-- EXERCISE INPUTS follows --
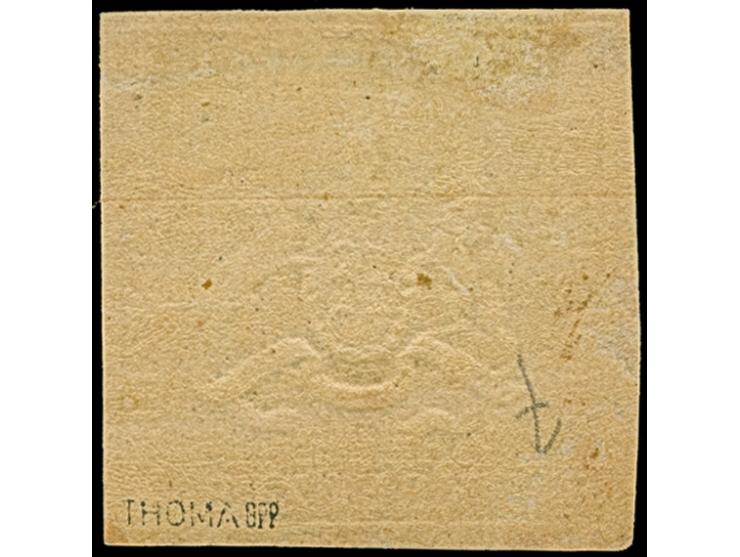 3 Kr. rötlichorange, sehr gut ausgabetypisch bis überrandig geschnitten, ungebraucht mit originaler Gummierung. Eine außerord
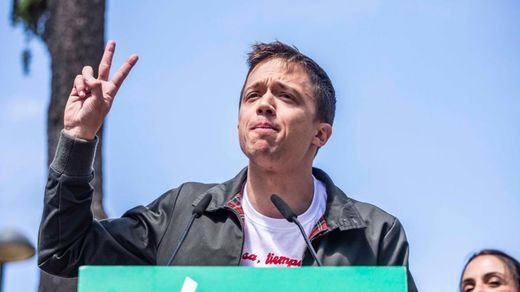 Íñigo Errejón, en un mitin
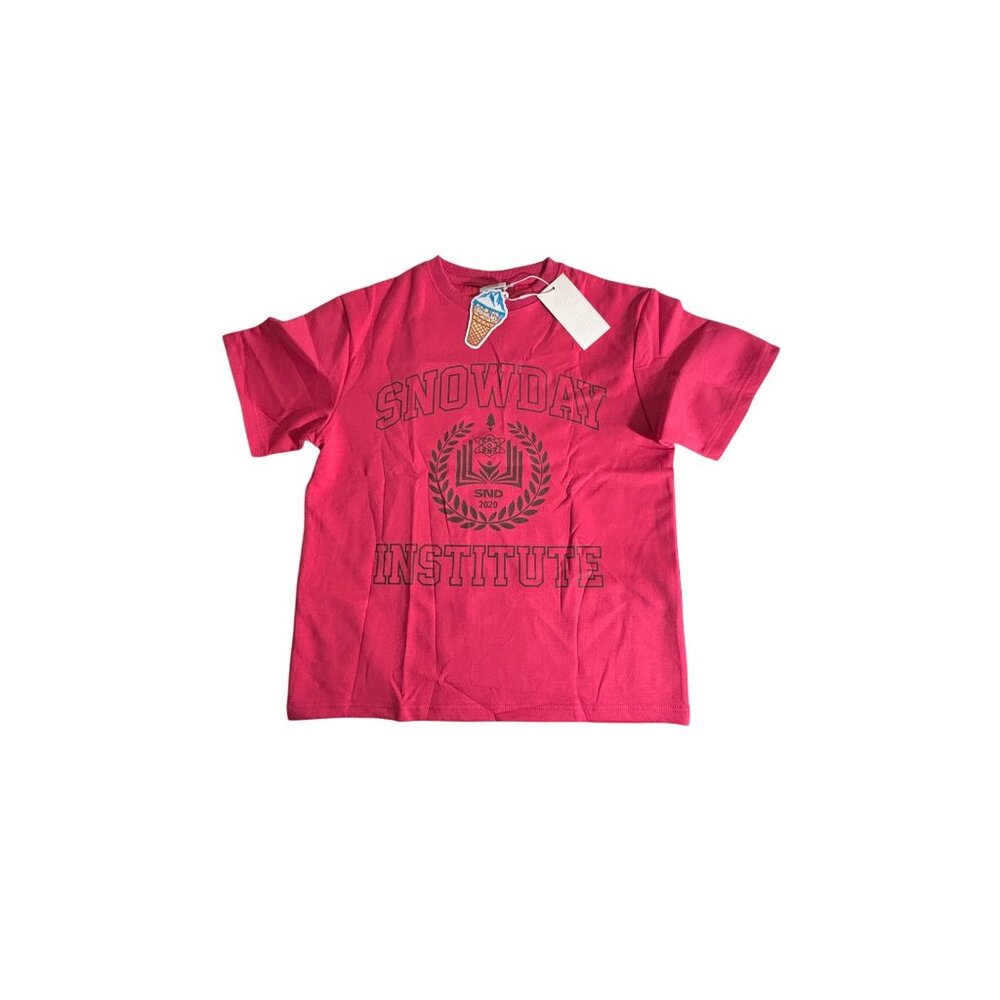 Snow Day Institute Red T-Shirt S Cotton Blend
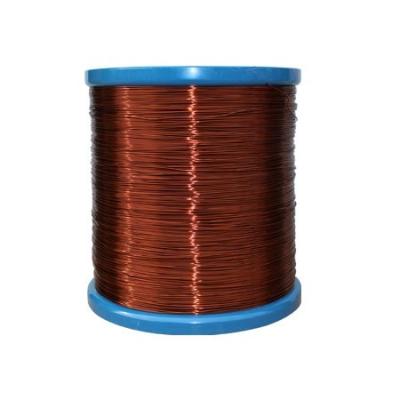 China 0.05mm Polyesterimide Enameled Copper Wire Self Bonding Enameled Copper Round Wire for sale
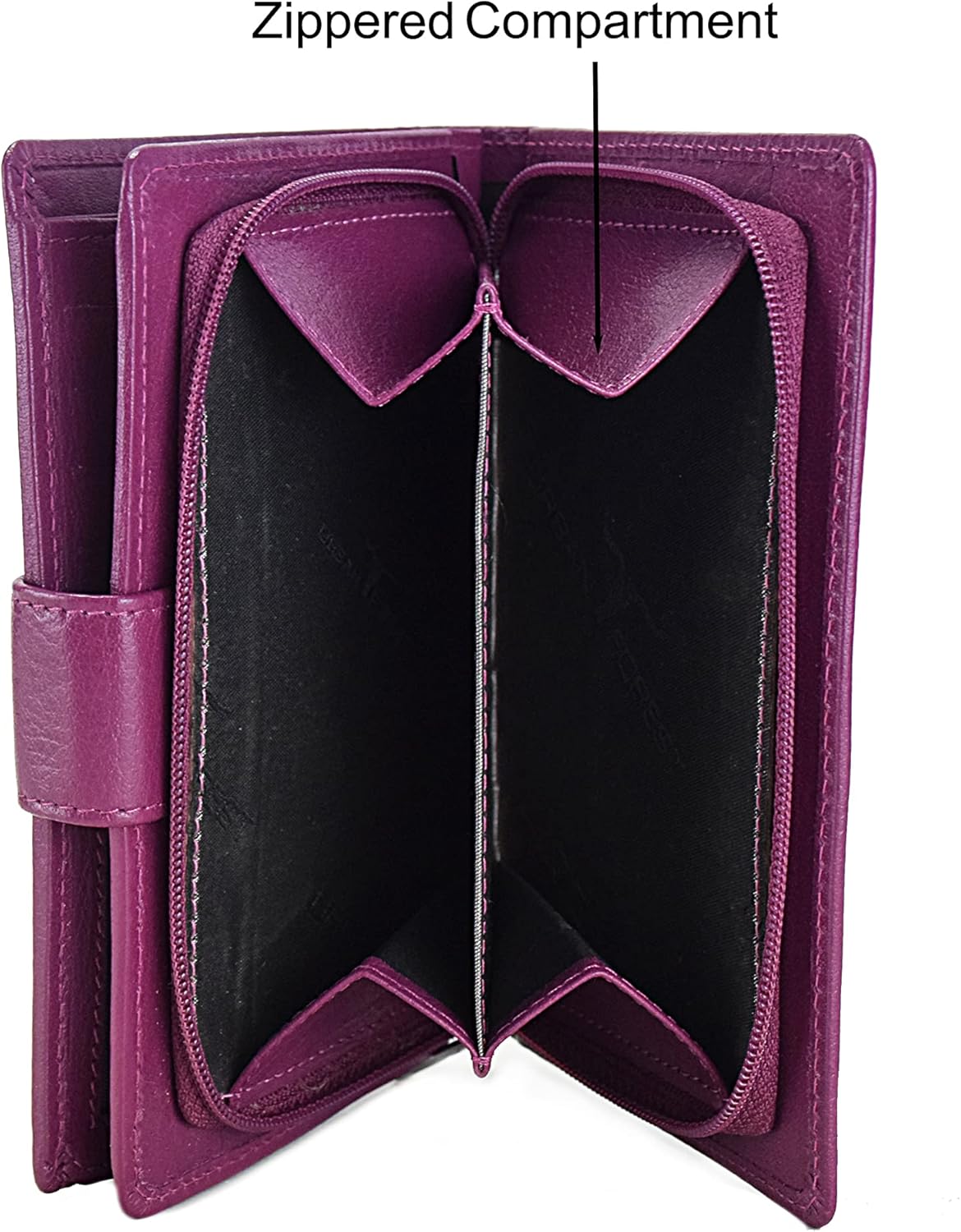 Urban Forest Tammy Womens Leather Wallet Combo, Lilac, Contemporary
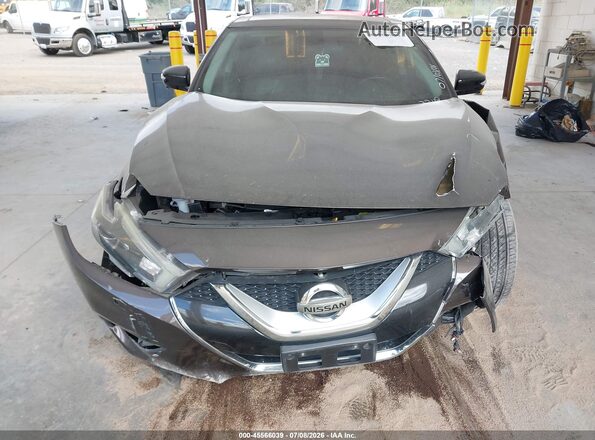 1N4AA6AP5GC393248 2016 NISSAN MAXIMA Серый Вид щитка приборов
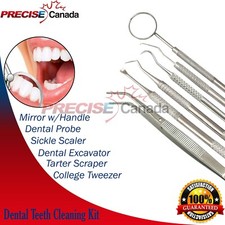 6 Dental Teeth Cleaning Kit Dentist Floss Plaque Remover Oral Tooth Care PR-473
-- EXERCISE INPUTS concluded --
PROMPT:
Copy nothing but the lines from the start of the entries through the line with "China 0.05mm Polyesterimide". Write them out exactly, without pictures.

ANSWER TO THE PROBLEM:
 3 Kr. rötlichorange, sehr gut ausgabetypisch bis überrandig geschnitten, ungebraucht mit originaler Gummierung. Eine außerord
 Íñigo Errejón, en un mitin
 Snow Day Institute Red T-Shirt S Cotton Blend
 China 0.05mm Polyesterimide Enameled Copper Wire Self Bonding Enameled Copper Round Wire for sale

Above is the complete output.